Create and Submit AWS Batch Job

Job definitions are the blueprints on how to run jobs. This section focuses on:

  • Creating a job definition to run MNIST training

  • Submitting a job and view the results

Create AWS Batch Job Definition

Job definitions specify how jobs run. Many job definition parameters can be overridden at runtime or submission.
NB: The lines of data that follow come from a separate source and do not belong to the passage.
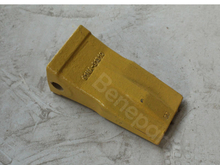 R130 Hyundai Bucket Conseils 61n4-31210 pour le moulage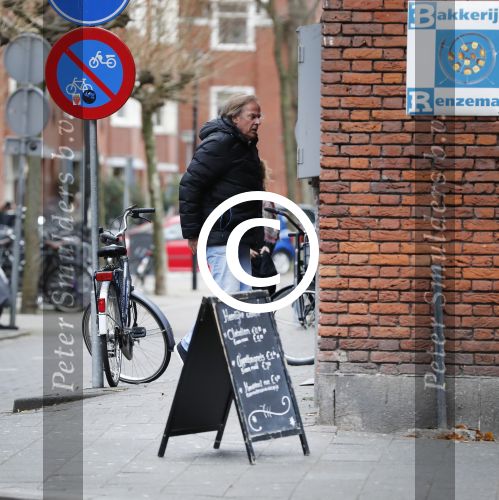 Amsterdam 24 december 2016
Ivo Niehe doet boodschappen op de fiets in amsterdam zuid.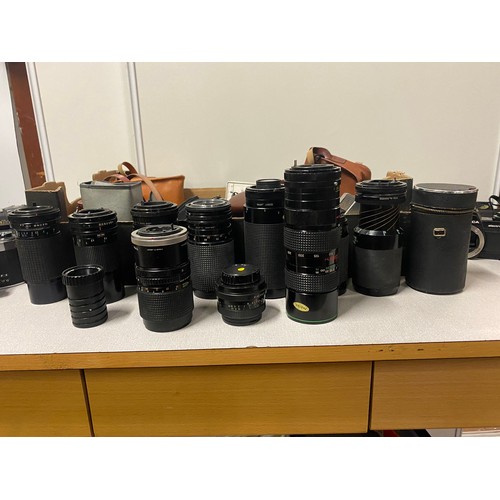 25 - Large selection of cameras & lenses to include Pentax Practicka etc.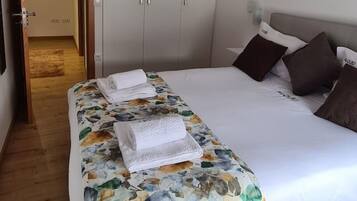 2 dormitorios, cuna de viaje, wifi gratis y ropa de cama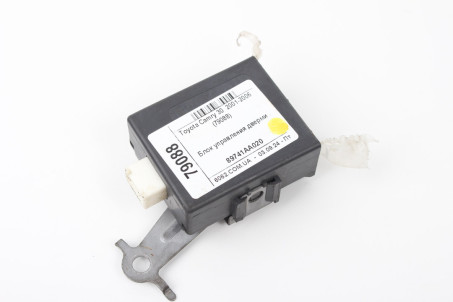 Блок керування дверима Toyota Camry 30 (XV30) 2001-2006 89741AA020 (79088)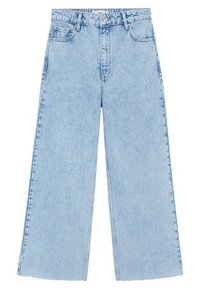 Jean large taille haute bleu clair, avec bouton et fermeture éclair à l'avant, passants pour ceinture et design à cinq poches, posé à plat sur un fond blanc.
Follow the below steps:

  1. Create dl1_batch_jd.json with the following configuration, and update the placeholders as described in the table below:

    {
        "jobDefinitionName": "dl1_mnist_batch_jd",
        "type": "multinode",
        "nodeProperties": {
            "numNodes": 2,
            "mainNode": 0,
            "nodeRangeProperties": [
                {
                    "targetNodes": "0:",
                    "container": {
                        "image": "IMAGE_NAME",
                        "command": [],
                        "jobRoleArn": "TASK_EXEC_ROLE",
                        "resourceRequirements": [
                            {
                                "type": "MEMORY",
                                "value": "760000"
                            },
                            {
                                "type": "VCPU",
                                "value": "96"
                            }
                        ],
                        "mountPoints": [],
                        "volumes": [],
                        "environment": [],
                        "ulimits": [],
                        "instanceType": "dl1.24xlarge",
                        "linuxParameters": {
                            "devices": [
                                {
                                    "hostPath": "/dev/infiniband/uverbs0",
                                    "containerPath": "/dev/infiniband/uverbs0",
                                    "permissions": [
                                        "READ",
                                        "WRITE",
                                        "MKNOD"
                                    ]
                                },
                                {
                                    "hostPath": "/dev/infiniband/uverbs1",
                                    "containerPath": "/dev/infiniband/uverbs1",
                                    "permissions": [
                                        "READ",
                                        "WRITE",
                                        "MKNOD"
                                    ]
                                },
                                {
                                    "hostPath": "/dev/infiniband/uverbs2",
                                    "containerPath": "/dev/infiniband/uverbs2",
                                    "permissions": [
                                        "READ",
                                        "WRITE",
                                        "MKNOD"
                                    ]
                                },
                                {
                                    "hostPath": "/dev/infiniband/uverbs3",
                                    "containerPath": "/dev/infiniband/uverbs3",
                                    "permissions": [
                                        "READ",
                                        "WRITE",
                                        "MKNOD"
                                    ]
                                },
                            ],
                            "sharedMemorySize": 258048
                        },
                        "privileged": true
                    }
                }
            ]
        }
    }
    

    PlaceHolder

    Replace

    IMAGE_NAME

    xxxxxxxxx.dkr.ecr.us-west-2.amazonaws.com/dl1_batch_training:v1

    TASK_EXEC_ROLE

    arn:aws:iam::xxxxxxx:role/ecsTaskExecutionRole

  2. Create a job definition:

    aws batch register-job-definition --cli-input-json file://dl1_batch_jd.json
    
    # Expected Results
    {
        "jobDefinitionName": "dl1_mnist_batch_jd",
        "jobDefinitionArn": "arn:aws:batch:us-west-2:xxxxxxxxxxxx:job-definition/dl1_mnist_batch_jd:1",
        "revision": 1
    }
    

Submit AWS Batch Job

To submit a job, run the following command:

aws batch submit-job --job-name dl1_mnp_batch --job-definition dl1_mnist_batch_jd --job-queue dl1_mnp_jq --node-overrides numNodes=2

# Expected Results
{
    "jobArn": "arn:aws:batch:us-west-2:xxxxxxxxxxxx:job/a434b6e9-5fda-415d-befb-079b04c95a97",
    "jobName": "dl1_mnp_batch",
    "jobId": "a434b6e9-5fda-415d-befb-079b04c95a97"
}

Note

The jobs’ status can also be submitted and viewed through the AWS Batch Console.

Observe Submitted AWS Batch Job Logs

AWS Batch creates a log that is hosted in CloudWatch. Follow View Log Data sent to CloudWatch Logs for specific instructions.